PROBLEM: From the listing below, restate word for word the lines from the line containing "Andi Crossbody Bag" down through the line containing "Водонагреватель Zanussi ZWH/S 50 Brillianto". Exclude pictures.

EXERCISE MATERIALS:
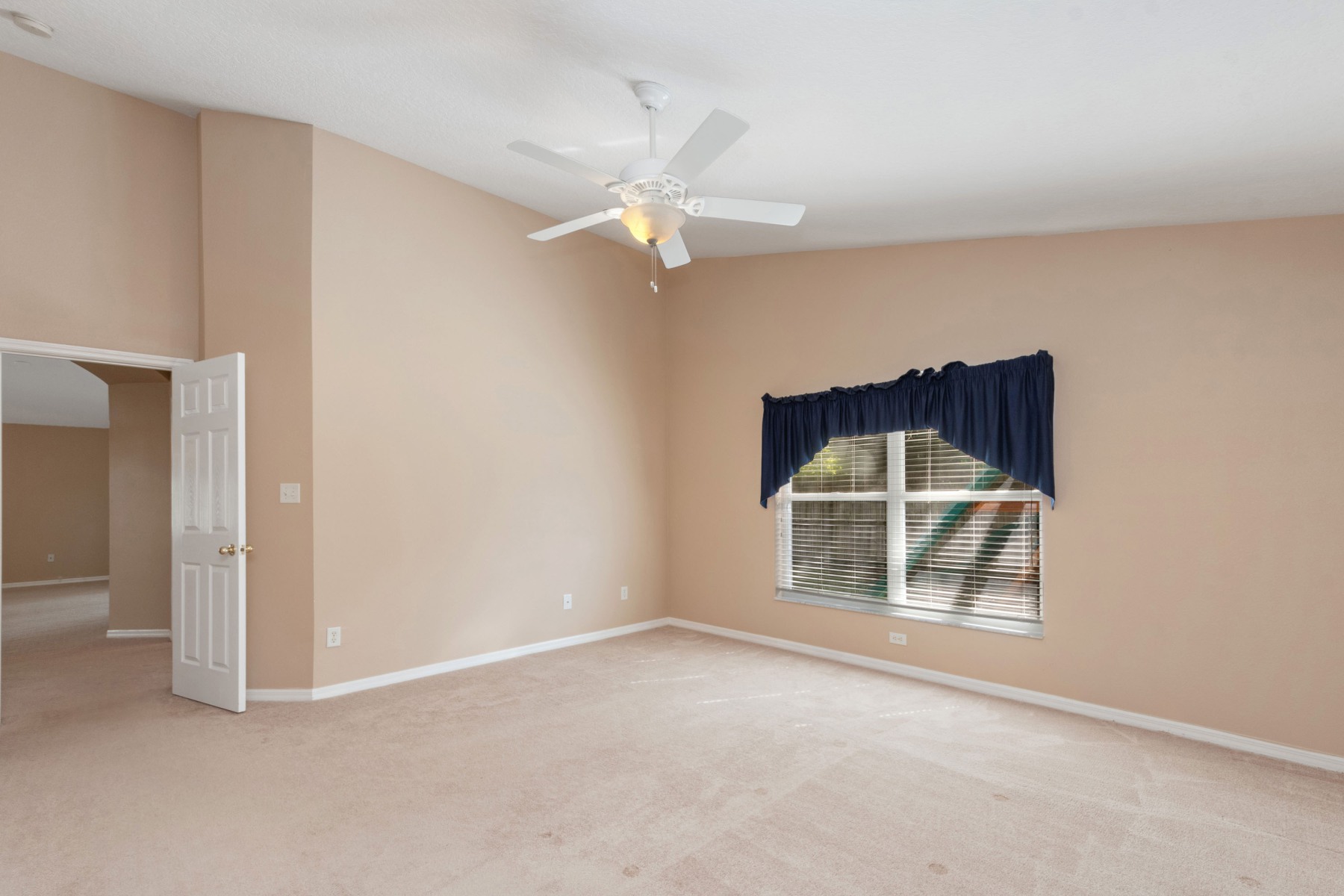 2837-Strand-Cir-Oviedo-FL-32765-17 2837-Strand-Cir-Oviedo-FL-32765-17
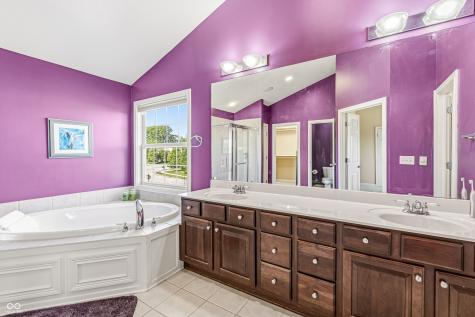 12677 Tram Lane Carmel IN 46032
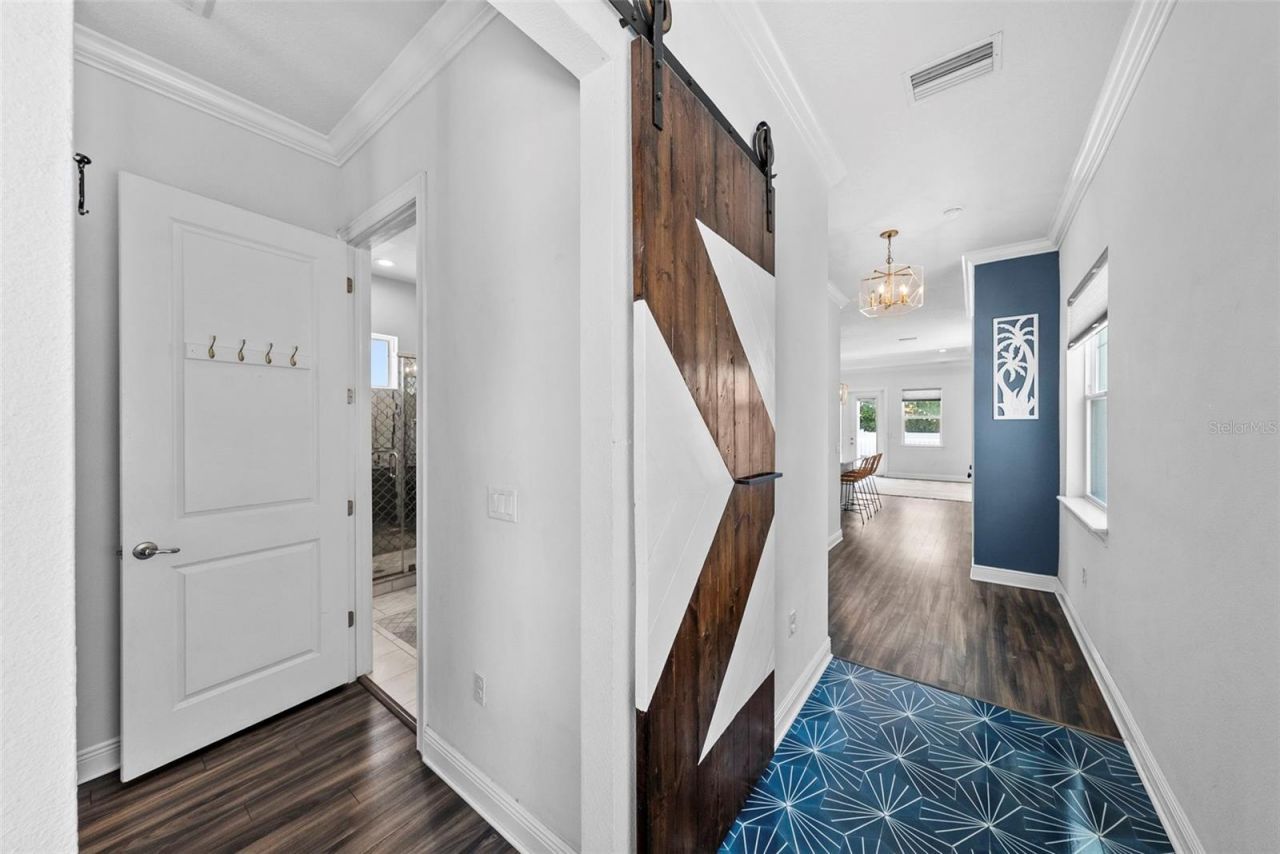 11213 Moultrie Place, Tampa, FL 33625 Photo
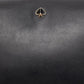 Kate Spade  Leather Andi Crossbody Bag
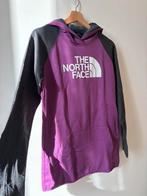 Pull à capuche, Enlèvement ou Envoi, Comme neuf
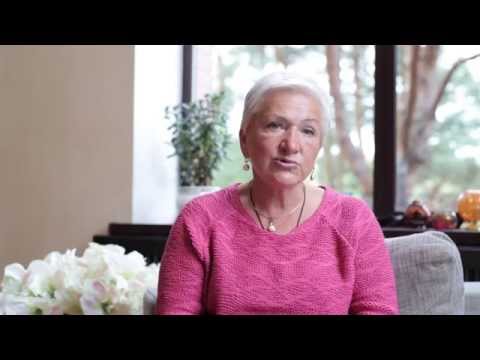 Видео: Ревность или страх потерять? | Ирина Блонская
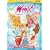 Winx Club - Princess Ball: Season Three, Part One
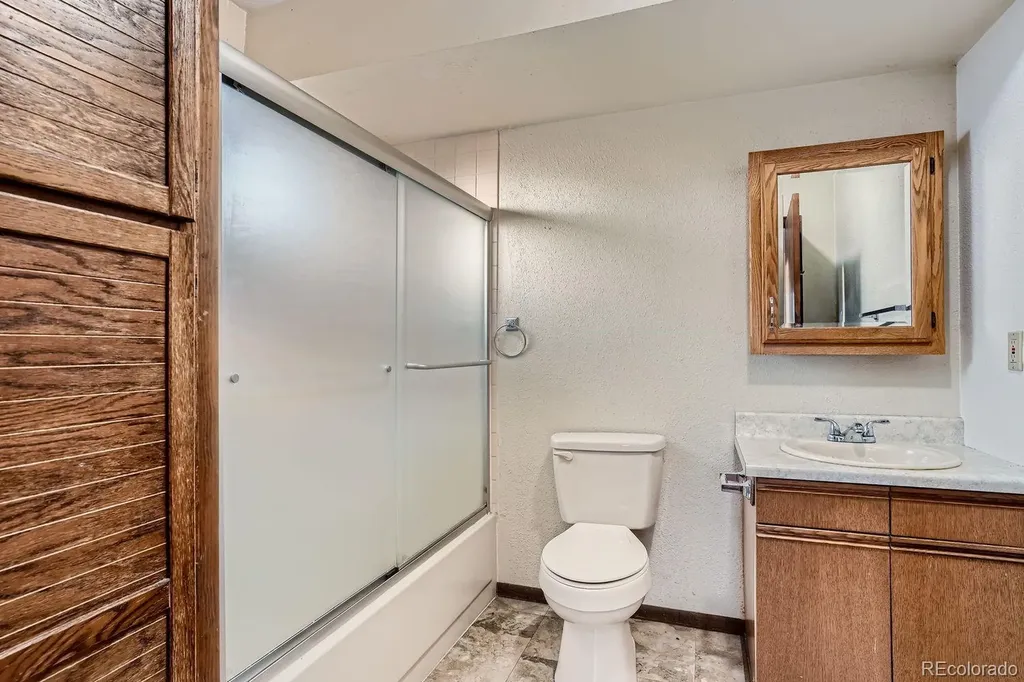 1617 Salvia Street Golden CO 80401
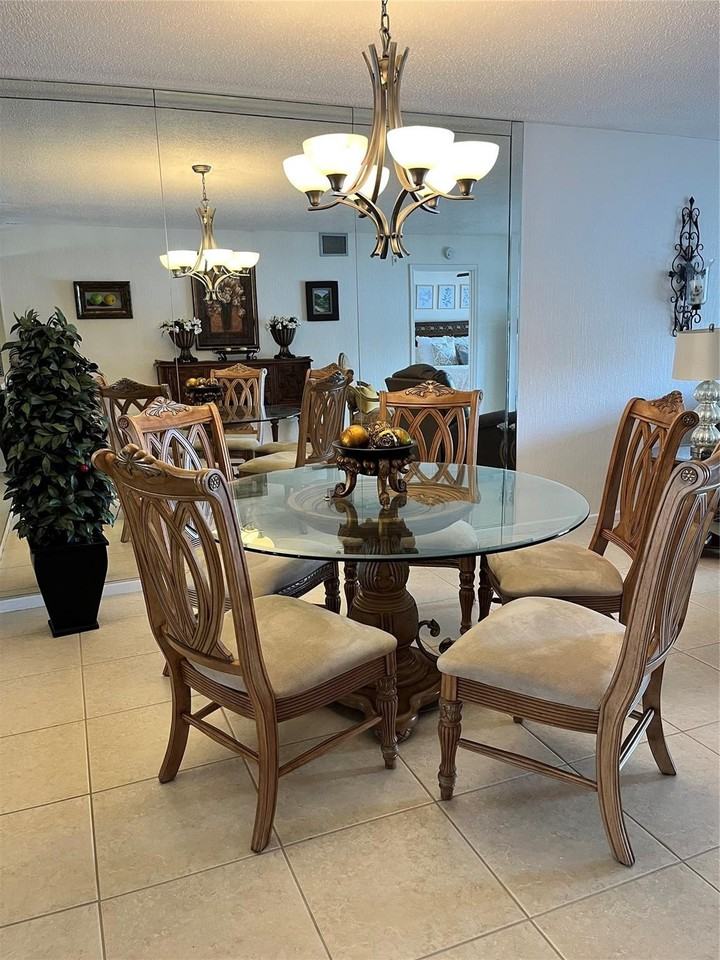 12950 Sw 13th St #211D - Photo 5 of 13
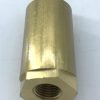 YANMAR JOINT 38×14 RETURN 128990-49351,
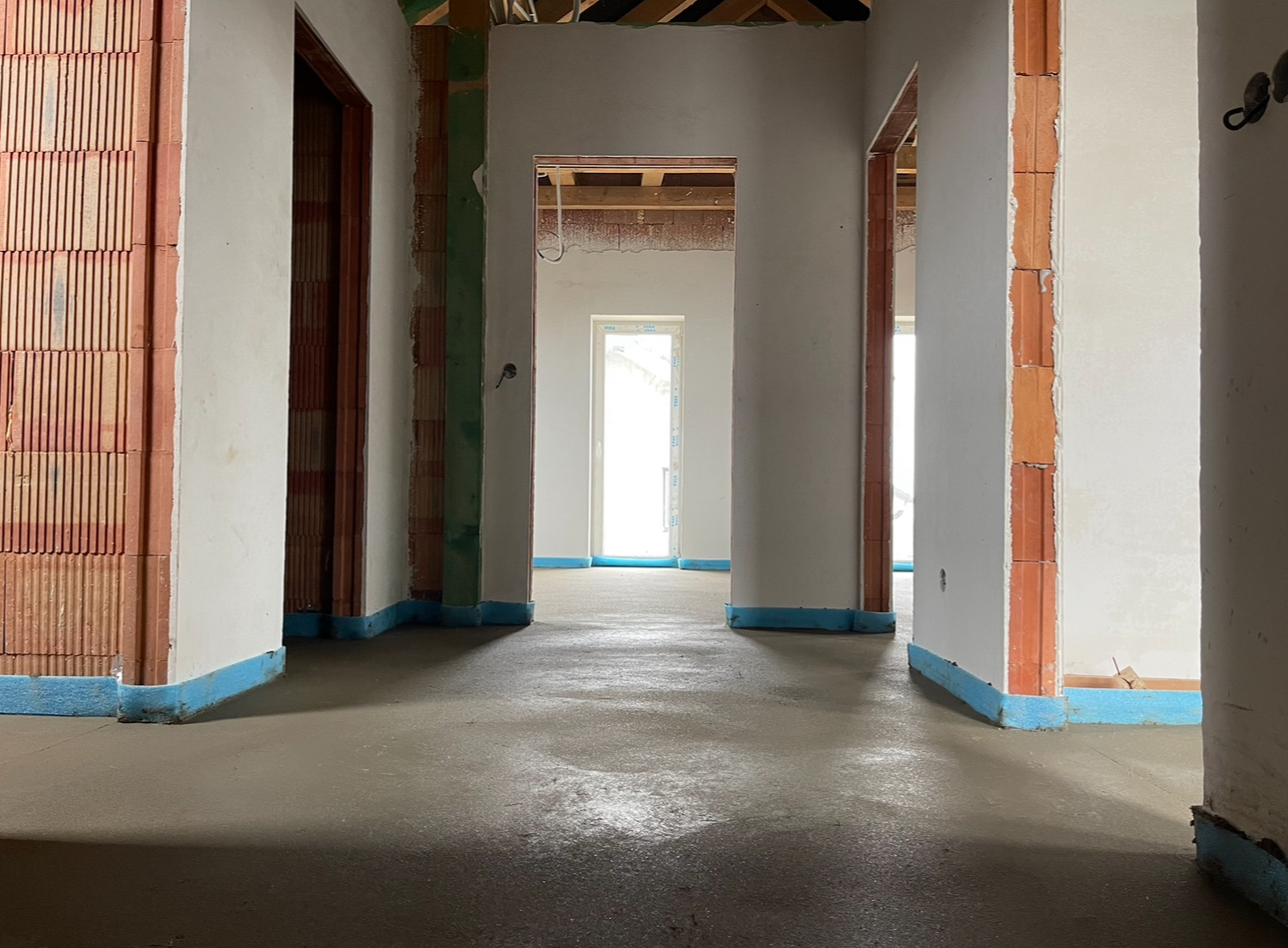 Project gallery image 16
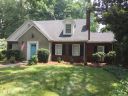 1222 Oakwood Avenue sold home in Gastonia, SC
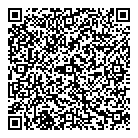 QR код "Минимаркет"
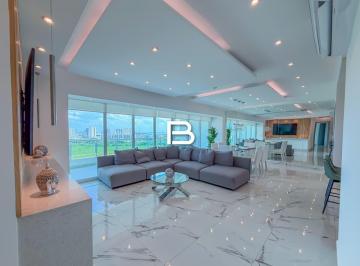 Departamento · 165m² · 3 Recámaras · 2 Estacionamientos · Departamento en Puerto Cancún
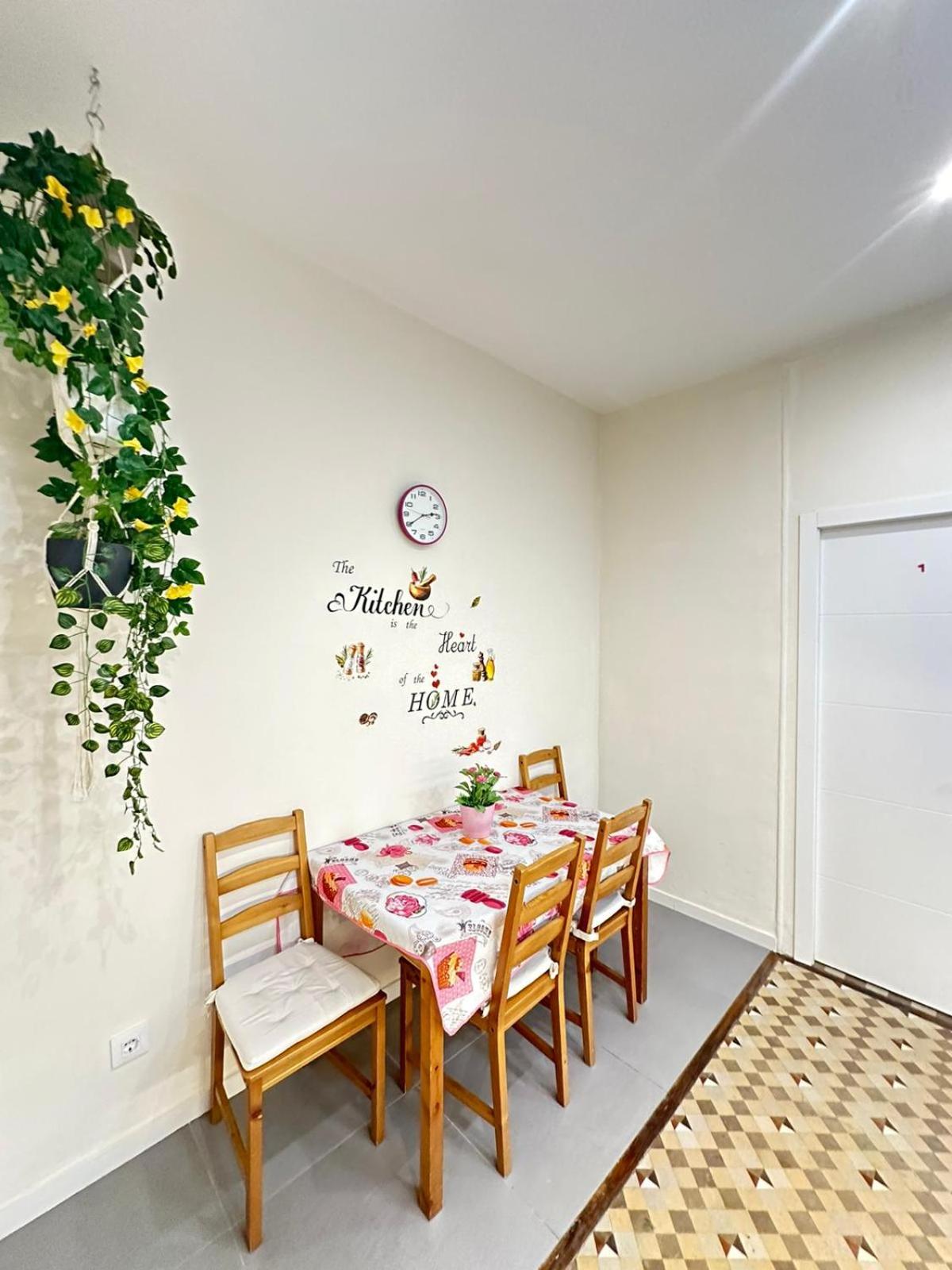 Economy Single Room photo 2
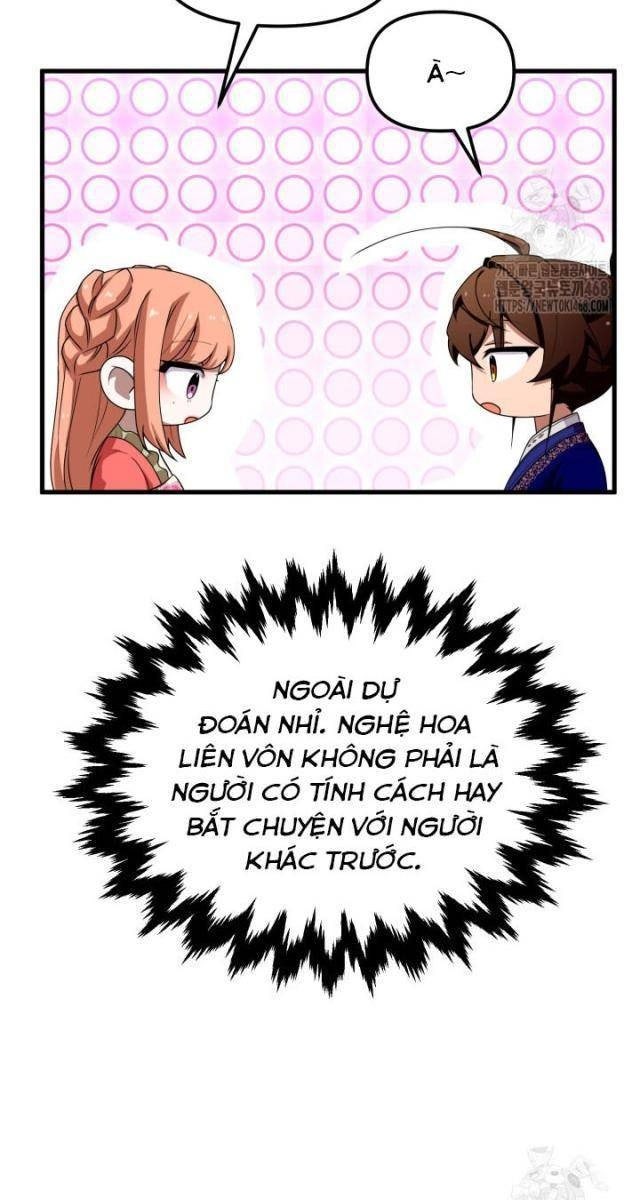 Nhà Nghỉ Thiên Ma - Page 31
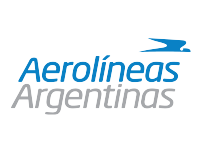 Aerolíneas Argentinas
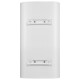 Водонагреватель Zanussi ZWH/S 50 Brillianto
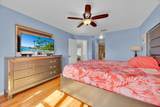 519 Elbridge Pl - Photo 18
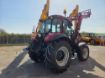 Picture of Case IH Farmall C 100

SOLUTION:
 Kate Spade  Leather Andi Crossbody Bag
 Pull à capuche, Enlèvement ou Envoi, Comme neuf
 Видео: Ревность или страх потерять? | Ирина Блонская
 Winx Club - Princess Ball: Season Three, Part One
 1617 Salvia Street Golden CO 80401
 12950 Sw 13th St #211D - Photo 5 of 13
 YANMAR JOINT 38×14 RETURN 128990-49351,
 Project gallery image 16
 1222 Oakwood Avenue sold home in Gastonia, SC
 QR код "Минимаркет"
 Departamento · 165m² · 3 Recámaras · 2 Estacionamientos · Departamento en Puerto Cancún
 Economy Single Room photo 2
 Nhà Nghỉ Thiên Ma - Page 31
 Aerolíneas Argentinas
 Водонагреватель Zanussi ZWH/S 50 Brillianto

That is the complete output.